- _TASK GOAL_
Output a character-exact copy of the data, images removed.

- _INFORMATION SUPPLIED_
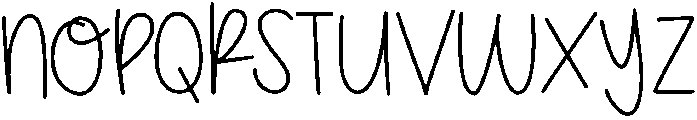 moonlight ttf (300) Font UPPERCASE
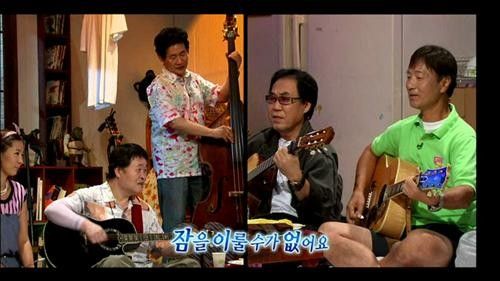 2010년 예능 '놀러와' 출연했던 쎄시봉 멤버들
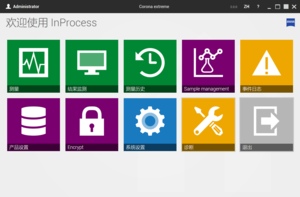 近紅外光譜儀操作軟件InProcess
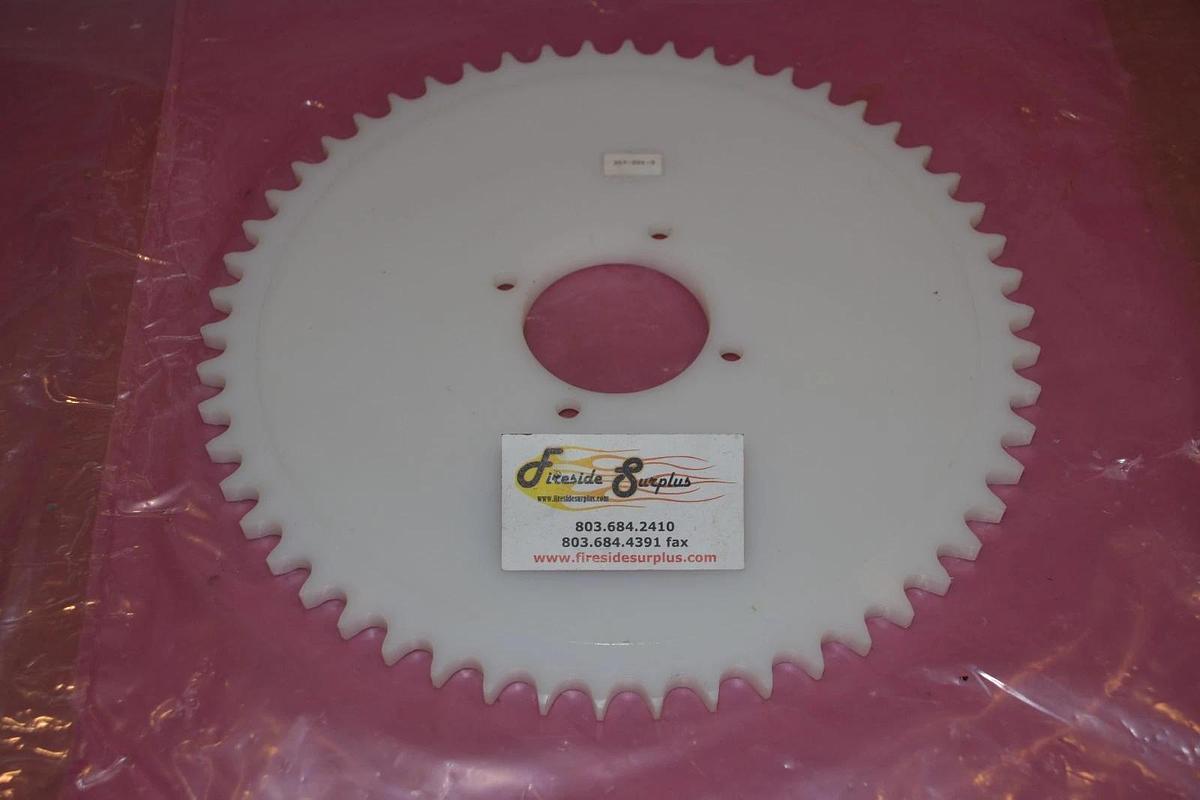 NO NAME PLASTIC GEAR SPROCKET 357-221-3 357 221 3 13.5" DIA 3" BORE  NEW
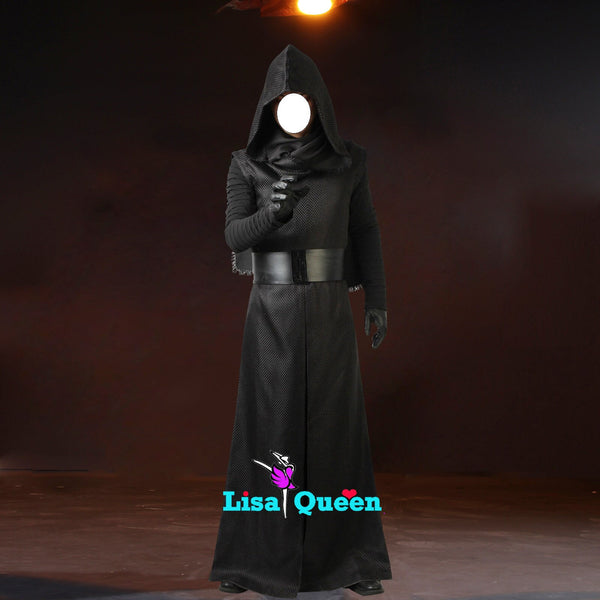 Star Wars 7 Cosplay Costume The Force Awakens Kylo Ren Ben Solo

- _SOLVED PROBLEM_
 moonlight ttf (300) Font UPPERCASE
 2010년 예능 '놀러와' 출연했던 쎄시봉 멤버들
 近紅外光譜儀操作軟件InProcess
 NO NAME PLASTIC GEAR SPROCKET 357-221-3 357 221 3 13.5" DIA 3" BORE  NEW
 Star Wars 7 Cosplay Costume The Force Awakens Kylo Ren Ben Solo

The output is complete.